**Provided information:**
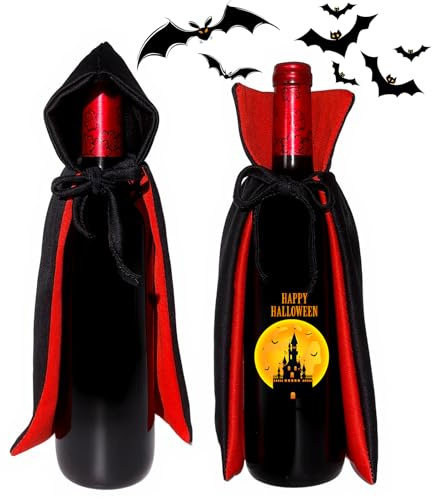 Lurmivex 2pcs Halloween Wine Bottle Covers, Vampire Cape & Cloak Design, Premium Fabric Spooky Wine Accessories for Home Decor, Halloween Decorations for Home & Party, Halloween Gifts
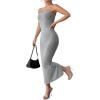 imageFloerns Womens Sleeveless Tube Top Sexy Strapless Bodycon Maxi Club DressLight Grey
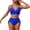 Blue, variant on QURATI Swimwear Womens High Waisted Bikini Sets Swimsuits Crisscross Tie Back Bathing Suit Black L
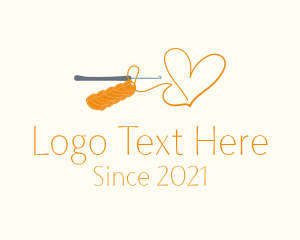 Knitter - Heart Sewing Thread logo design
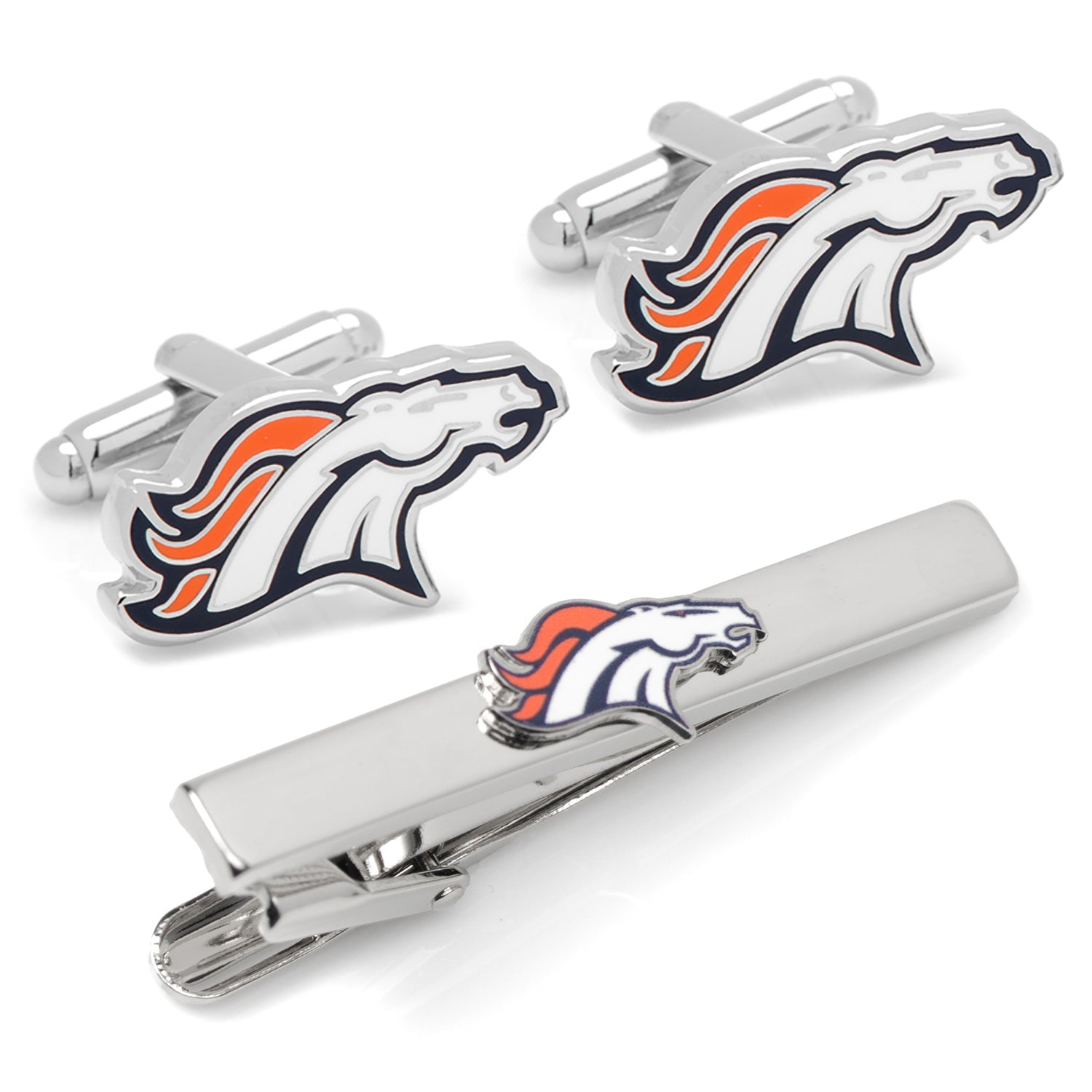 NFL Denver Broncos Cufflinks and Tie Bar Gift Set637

**What is expected:** Exact copy required, pictures excluded: the lines from the one holding "imageFloerns Womens Sleeveless" through the last line of the data, both ends included.

**Solution to this exercise:**
 imageFloerns Womens Sleeveless Tube Top Sexy Strapless Bodycon Maxi Club DressLight Grey
 Blue, variant on QURATI Swimwear Womens High Waisted Bikini Sets Swimsuits Crisscross Tie Back Bathing Suit Black L
 Knitter - Heart Sewing Thread logo design
 NFL Denver Broncos Cufflinks and Tie Bar Gift Set637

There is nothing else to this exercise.